Rosyjskie służby zatrzymały obywatela Uzbekistanu, który rzekomo przyznał się do zorganizowania zamachu na generała Igora Kiriłłowa, co doprowadziło do jego śmierci. Informacje te zostały podane przez agencję Reutera, powołując się na doniesienia komisji śledczej. Mężczyzna miał stwierdzić, że polecenie dotyczące umieszczenia ładunku wybuchowego w hulajnodze otrzymał na dzień przed zdarzeniem, a jego zleceniodawcą były ukraińskie służby wywiadowcze.
DETALY ZATRZYMANIA
W środowym komunikacie Komisja Śledcza Federacji Rosyjskiej oficjalnie poinformowała o zatrzymaniu obywatela Uzbekistanu w kontekście dochodzenia dotyczącego zamachu na generała Kiriłłowa. Mężczyzna, przesłuchiwany przez śledczych, miał zadeklarować, że przyjechał do Moskwy w celu przeprowadzenia ataku.

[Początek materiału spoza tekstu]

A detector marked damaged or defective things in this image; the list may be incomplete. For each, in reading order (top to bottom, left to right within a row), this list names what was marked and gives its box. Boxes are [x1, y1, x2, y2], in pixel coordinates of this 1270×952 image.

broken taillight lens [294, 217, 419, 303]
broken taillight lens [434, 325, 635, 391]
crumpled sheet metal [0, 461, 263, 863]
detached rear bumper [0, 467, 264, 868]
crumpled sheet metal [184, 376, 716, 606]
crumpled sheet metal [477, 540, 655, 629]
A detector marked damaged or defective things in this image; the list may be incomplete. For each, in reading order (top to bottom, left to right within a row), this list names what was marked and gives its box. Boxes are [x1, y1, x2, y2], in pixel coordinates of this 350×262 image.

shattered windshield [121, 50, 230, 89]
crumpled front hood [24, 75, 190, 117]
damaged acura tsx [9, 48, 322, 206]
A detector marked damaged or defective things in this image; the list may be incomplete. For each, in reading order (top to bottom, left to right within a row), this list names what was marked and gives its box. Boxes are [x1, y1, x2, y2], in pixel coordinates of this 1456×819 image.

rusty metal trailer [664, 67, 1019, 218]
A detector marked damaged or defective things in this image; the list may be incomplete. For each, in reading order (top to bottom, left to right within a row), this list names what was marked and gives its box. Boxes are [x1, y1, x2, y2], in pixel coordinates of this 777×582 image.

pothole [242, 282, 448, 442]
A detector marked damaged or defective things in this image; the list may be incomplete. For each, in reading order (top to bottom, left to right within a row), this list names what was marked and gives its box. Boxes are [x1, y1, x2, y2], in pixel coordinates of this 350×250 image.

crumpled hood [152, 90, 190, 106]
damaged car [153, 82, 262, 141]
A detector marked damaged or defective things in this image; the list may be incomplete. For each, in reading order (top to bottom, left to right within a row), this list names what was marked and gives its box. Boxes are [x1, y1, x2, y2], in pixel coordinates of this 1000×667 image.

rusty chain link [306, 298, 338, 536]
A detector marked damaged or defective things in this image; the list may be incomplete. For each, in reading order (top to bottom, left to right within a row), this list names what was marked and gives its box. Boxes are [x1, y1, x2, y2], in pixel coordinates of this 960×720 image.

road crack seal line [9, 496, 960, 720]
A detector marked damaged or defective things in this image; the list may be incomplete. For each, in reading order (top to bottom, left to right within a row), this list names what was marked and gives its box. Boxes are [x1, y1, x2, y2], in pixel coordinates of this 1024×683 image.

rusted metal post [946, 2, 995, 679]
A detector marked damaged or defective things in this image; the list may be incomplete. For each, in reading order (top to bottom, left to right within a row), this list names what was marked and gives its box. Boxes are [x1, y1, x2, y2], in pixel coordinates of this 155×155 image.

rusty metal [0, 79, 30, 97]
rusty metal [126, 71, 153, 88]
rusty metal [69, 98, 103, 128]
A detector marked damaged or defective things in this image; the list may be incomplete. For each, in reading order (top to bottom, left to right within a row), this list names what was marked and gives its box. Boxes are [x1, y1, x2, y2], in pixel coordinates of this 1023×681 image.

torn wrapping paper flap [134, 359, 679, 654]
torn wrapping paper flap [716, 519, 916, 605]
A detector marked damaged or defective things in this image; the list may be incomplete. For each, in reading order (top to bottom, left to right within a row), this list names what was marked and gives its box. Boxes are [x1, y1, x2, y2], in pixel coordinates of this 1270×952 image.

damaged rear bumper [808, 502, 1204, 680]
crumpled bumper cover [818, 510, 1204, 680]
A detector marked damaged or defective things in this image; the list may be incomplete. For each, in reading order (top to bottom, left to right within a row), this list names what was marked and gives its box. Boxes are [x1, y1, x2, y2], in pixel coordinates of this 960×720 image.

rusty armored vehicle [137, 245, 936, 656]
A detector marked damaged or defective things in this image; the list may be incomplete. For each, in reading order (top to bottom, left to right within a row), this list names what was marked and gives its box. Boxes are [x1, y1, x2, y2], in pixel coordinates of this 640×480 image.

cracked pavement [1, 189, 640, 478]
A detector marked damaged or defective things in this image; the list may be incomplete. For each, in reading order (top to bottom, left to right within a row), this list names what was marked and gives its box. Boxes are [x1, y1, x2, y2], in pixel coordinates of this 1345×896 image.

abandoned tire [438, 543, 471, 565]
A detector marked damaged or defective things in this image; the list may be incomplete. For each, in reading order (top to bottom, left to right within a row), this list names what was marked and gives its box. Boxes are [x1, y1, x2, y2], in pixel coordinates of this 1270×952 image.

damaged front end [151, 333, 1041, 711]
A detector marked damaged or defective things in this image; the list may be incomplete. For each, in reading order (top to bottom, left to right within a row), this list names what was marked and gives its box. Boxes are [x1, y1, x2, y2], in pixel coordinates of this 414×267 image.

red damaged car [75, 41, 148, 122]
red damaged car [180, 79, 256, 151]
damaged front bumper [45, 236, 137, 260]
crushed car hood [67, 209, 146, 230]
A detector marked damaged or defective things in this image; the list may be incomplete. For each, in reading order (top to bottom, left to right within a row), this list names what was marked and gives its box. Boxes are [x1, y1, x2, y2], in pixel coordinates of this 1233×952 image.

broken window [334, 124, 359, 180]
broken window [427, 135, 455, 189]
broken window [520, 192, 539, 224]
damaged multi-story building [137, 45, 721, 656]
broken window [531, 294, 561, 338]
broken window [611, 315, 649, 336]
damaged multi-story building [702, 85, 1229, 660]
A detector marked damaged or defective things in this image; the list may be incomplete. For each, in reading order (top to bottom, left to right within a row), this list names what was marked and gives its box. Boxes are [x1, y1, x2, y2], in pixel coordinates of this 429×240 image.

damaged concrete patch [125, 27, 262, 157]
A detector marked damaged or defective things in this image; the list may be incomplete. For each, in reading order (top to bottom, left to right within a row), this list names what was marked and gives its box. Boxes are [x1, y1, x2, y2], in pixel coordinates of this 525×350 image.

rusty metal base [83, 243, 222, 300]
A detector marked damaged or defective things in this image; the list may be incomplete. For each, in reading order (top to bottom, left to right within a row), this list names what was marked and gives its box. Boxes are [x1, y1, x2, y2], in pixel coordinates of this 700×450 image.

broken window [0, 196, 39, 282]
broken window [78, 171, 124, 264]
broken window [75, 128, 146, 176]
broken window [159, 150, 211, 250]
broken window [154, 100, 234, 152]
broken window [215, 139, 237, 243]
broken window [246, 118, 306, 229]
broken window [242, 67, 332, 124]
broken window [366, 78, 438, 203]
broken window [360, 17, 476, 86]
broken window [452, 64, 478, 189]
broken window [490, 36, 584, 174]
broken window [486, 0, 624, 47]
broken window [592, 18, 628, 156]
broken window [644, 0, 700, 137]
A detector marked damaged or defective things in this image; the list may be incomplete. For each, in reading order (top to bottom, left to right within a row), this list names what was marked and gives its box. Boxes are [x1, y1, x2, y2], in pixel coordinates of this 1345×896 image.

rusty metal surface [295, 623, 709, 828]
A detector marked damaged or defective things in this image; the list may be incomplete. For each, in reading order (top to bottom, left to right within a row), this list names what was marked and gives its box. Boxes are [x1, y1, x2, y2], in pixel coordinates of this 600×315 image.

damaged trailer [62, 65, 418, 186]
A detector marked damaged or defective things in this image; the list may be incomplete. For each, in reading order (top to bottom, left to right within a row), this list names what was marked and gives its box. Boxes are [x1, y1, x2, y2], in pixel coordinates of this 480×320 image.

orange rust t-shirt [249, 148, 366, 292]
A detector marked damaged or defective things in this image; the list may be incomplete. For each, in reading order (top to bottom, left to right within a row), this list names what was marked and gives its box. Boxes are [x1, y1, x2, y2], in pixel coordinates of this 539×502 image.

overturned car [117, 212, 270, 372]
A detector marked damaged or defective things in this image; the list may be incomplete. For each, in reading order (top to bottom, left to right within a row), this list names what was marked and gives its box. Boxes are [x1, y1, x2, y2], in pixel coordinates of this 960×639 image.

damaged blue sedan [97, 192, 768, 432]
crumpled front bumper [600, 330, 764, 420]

Z ustaleń wynika, że po dotarciu do stolicy Uzbek miał otrzymać bombę improwizowaną oraz urządzenie do detonacji. Umieścił ładunek w hulajnodze elektrycznej zaparkowanej przed budynkiem, w którym mieszkał generał, a następnie zainstalował kamerę w wynajętym samochodzie w pobliżu miejsca zamachu.
MONETY I OBIETNICE
Z ujawnionych informacji wynika, że zatrzymany ma 29 lat i przynajmniej od 1995 roku miał współpracować z ukraińskim wywiadem. W zamian za swoje działania miał otrzymać 100 tysięcy dolarów oraz obietnicę osiedlenia się w jednym z krajów zachodnioeuropejskich.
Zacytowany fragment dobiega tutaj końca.